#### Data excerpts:

'''

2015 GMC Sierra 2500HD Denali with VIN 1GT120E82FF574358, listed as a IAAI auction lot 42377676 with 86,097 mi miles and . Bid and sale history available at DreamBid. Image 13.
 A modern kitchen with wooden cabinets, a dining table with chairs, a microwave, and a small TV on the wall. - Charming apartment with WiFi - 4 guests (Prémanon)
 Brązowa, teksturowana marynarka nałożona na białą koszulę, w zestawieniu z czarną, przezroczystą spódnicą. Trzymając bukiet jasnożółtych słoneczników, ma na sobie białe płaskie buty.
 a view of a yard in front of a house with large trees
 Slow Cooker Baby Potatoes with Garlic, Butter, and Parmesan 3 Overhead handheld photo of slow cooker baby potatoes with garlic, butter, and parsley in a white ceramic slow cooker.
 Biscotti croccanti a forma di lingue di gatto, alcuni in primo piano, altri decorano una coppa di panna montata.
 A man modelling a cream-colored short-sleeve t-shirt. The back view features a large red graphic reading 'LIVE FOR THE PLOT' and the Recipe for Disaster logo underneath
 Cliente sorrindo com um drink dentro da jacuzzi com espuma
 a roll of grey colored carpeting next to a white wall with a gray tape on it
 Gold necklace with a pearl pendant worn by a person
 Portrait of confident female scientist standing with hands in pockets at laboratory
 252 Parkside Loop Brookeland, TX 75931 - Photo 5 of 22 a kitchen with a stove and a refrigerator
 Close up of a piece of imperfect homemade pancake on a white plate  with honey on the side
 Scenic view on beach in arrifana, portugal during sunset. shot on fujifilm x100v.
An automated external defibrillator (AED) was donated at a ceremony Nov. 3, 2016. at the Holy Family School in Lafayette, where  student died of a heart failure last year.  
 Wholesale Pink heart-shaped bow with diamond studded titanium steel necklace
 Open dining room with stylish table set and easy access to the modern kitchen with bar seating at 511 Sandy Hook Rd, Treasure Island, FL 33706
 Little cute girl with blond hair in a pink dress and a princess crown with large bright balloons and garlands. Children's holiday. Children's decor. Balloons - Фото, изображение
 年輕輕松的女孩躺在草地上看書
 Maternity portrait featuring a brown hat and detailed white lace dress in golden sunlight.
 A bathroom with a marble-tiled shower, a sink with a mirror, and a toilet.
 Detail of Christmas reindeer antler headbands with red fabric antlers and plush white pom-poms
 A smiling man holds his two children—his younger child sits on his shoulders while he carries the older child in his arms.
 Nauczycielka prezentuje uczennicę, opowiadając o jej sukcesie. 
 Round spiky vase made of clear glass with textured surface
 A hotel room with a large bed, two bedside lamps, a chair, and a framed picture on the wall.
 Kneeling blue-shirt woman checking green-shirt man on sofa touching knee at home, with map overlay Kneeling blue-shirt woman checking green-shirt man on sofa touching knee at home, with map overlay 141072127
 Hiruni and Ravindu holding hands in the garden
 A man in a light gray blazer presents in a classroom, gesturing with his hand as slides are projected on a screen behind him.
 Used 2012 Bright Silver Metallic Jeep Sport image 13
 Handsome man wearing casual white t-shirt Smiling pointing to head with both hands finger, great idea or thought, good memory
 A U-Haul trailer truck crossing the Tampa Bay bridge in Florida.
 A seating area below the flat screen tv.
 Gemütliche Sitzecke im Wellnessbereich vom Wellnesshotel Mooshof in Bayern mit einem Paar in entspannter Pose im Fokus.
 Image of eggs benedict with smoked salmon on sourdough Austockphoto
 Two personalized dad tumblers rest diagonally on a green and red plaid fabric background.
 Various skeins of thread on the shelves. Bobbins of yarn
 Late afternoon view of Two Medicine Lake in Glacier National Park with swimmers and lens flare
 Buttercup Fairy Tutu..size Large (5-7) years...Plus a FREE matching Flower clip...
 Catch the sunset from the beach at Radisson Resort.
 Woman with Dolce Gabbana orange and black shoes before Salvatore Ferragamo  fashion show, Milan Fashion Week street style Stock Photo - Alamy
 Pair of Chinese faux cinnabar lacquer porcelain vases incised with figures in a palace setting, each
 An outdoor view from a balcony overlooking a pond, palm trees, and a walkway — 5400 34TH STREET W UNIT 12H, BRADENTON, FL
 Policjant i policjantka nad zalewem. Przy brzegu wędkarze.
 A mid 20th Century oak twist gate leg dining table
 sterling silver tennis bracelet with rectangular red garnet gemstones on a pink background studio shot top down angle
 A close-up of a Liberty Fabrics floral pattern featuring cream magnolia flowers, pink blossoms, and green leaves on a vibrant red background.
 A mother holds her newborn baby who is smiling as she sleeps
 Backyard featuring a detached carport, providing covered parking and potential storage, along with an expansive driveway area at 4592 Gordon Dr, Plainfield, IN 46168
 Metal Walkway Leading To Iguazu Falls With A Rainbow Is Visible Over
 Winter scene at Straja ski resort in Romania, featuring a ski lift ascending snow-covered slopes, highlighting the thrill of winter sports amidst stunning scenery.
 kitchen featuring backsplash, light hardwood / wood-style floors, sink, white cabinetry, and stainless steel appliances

'''

#### Exercise details:
All entries above should be duplicated exactly, none omitted.

#### Exercise answer:
2015 GMC Sierra 2500HD Denali with VIN 1GT120E82FF574358, listed as a IAAI auction lot 42377676 with 86,097 mi miles and . Bid and sale history available at DreamBid. Image 13.
 A modern kitchen with wooden cabinets, a dining table with chairs, a microwave, and a small TV on the wall. - Charming apartment with WiFi - 4 guests (Prémanon)
 Brązowa, teksturowana marynarka nałożona na białą koszulę, w zestawieniu z czarną, przezroczystą spódnicą. Trzymając bukiet jasnożółtych słoneczników, ma na sobie białe płaskie buty.
 a view of a yard in front of a house with large trees
 Slow Cooker Baby Potatoes with Garlic, Butter, and Parmesan 3 Overhead handheld photo of slow cooker baby potatoes with garlic, butter, and parsley in a white ceramic slow cooker.
 Biscotti croccanti a forma di lingue di gatto, alcuni in primo piano, altri decorano una coppa di panna montata.
 A man modelling a cream-colored short-sleeve t-shirt. The back view features a large red graphic reading 'LIVE FOR THE PLOT' and the Recipe for Disaster logo underneath
 Cliente sorrindo com um drink dentro da jacuzzi com espuma
 a roll of grey colored carpeting next to a white wall with a gray tape on it
 Gold necklace with a pearl pendant worn by a person
 Portrait of confident female scientist standing with hands in pockets at laboratory
 252 Parkside Loop Brookeland, TX 75931 - Photo 5 of 22 a kitchen with a stove and a refrigerator
 Close up of a piece of imperfect homemade pancake on a white plate  with honey on the side
 Scenic view on beach in arrifana, portugal during sunset. shot on fujifilm x100v.
An automated external defibrillator (AED) was donated at a ceremony Nov. 3, 2016. at the Holy Family School in Lafayette, where  student died of a heart failure last year.  
 Wholesale Pink heart-shaped bow with diamond studded titanium steel necklace
 Open dining room with stylish table set and easy access to the modern kitchen with bar seating at 511 Sandy Hook Rd, Treasure Island, FL 33706
 Little cute girl with blond hair in a pink dress and a princess crown with large bright balloons and garlands. Children's holiday. Children's decor. Balloons - Фото, изображение
 年輕輕松的女孩躺在草地上看書
 Maternity portrait featuring a brown hat and detailed white lace dress in golden sunlight.
 A bathroom with a marble-tiled shower, a sink with a mirror, and a toilet.
 Detail of Christmas reindeer antler headbands with red fabric antlers and plush white pom-poms
 A smiling man holds his two children—his younger child sits on his shoulders while he carries the older child in his arms.
 Nauczycielka prezentuje uczennicę, opowiadając o jej sukcesie. 
 Round spiky vase made of clear glass with textured surface
 A hotel room with a large bed, two bedside lamps, a chair, and a framed picture on the wall.
 Kneeling blue-shirt woman checking green-shirt man on sofa touching knee at home, with map overlay Kneeling blue-shirt woman checking green-shirt man on sofa touching knee at home, with map overlay 141072127
 Hiruni and Ravindu holding hands in the garden
 A man in a light gray blazer presents in a classroom, gesturing with his hand as slides are projected on a screen behind him.
 Used 2012 Bright Silver Metallic Jeep Sport image 13
 Handsome man wearing casual white t-shirt Smiling pointing to head with both hands finger, great idea or thought, good memory
 A U-Haul trailer truck crossing the Tampa Bay bridge in Florida.
 A seating area below the flat screen tv.
 Gemütliche Sitzecke im Wellnessbereich vom Wellnesshotel Mooshof in Bayern mit einem Paar in entspannter Pose im Fokus.
 Image of eggs benedict with smoked salmon on sourdough Austockphoto
 Two personalized dad tumblers rest diagonally on a green and red plaid fabric background.
 Various skeins of thread on the shelves. Bobbins of yarn
 Late afternoon view of Two Medicine Lake in Glacier National Park with swimmers and lens flare
 Buttercup Fairy Tutu..size Large (5-7) years...Plus a FREE matching Flower clip...
 Catch the sunset from the beach at Radisson Resort.
 Woman with Dolce Gabbana orange and black shoes before Salvatore Ferragamo  fashion show, Milan Fashion Week street style Stock Photo - Alamy
 Pair of Chinese faux cinnabar lacquer porcelain vases incised with figures in a palace setting, each
 An outdoor view from a balcony overlooking a pond, palm trees, and a walkway — 5400 34TH STREET W UNIT 12H, BRADENTON, FL
 Policjant i policjantka nad zalewem. Przy brzegu wędkarze.
 A mid 20th Century oak twist gate leg dining table
 sterling silver tennis bracelet with rectangular red garnet gemstones on a pink background studio shot top down angle
 A close-up of a Liberty Fabrics floral pattern featuring cream magnolia flowers, pink blossoms, and green leaves on a vibrant red background.
 A mother holds her newborn baby who is smiling as she sleeps
 Backyard featuring a detached carport, providing covered parking and potential storage, along with an expansive driveway area at 4592 Gordon Dr, Plainfield, IN 46168
 Metal Walkway Leading To Iguazu Falls With A Rainbow Is Visible Over
 Winter scene at Straja ski resort in Romania, featuring a ski lift ascending snow-covered slopes, highlighting the thrill of winter sports amidst stunning scenery.
 kitchen featuring backsplash, light hardwood / wood-style floors, sink, white cabinetry, and stainless steel appliances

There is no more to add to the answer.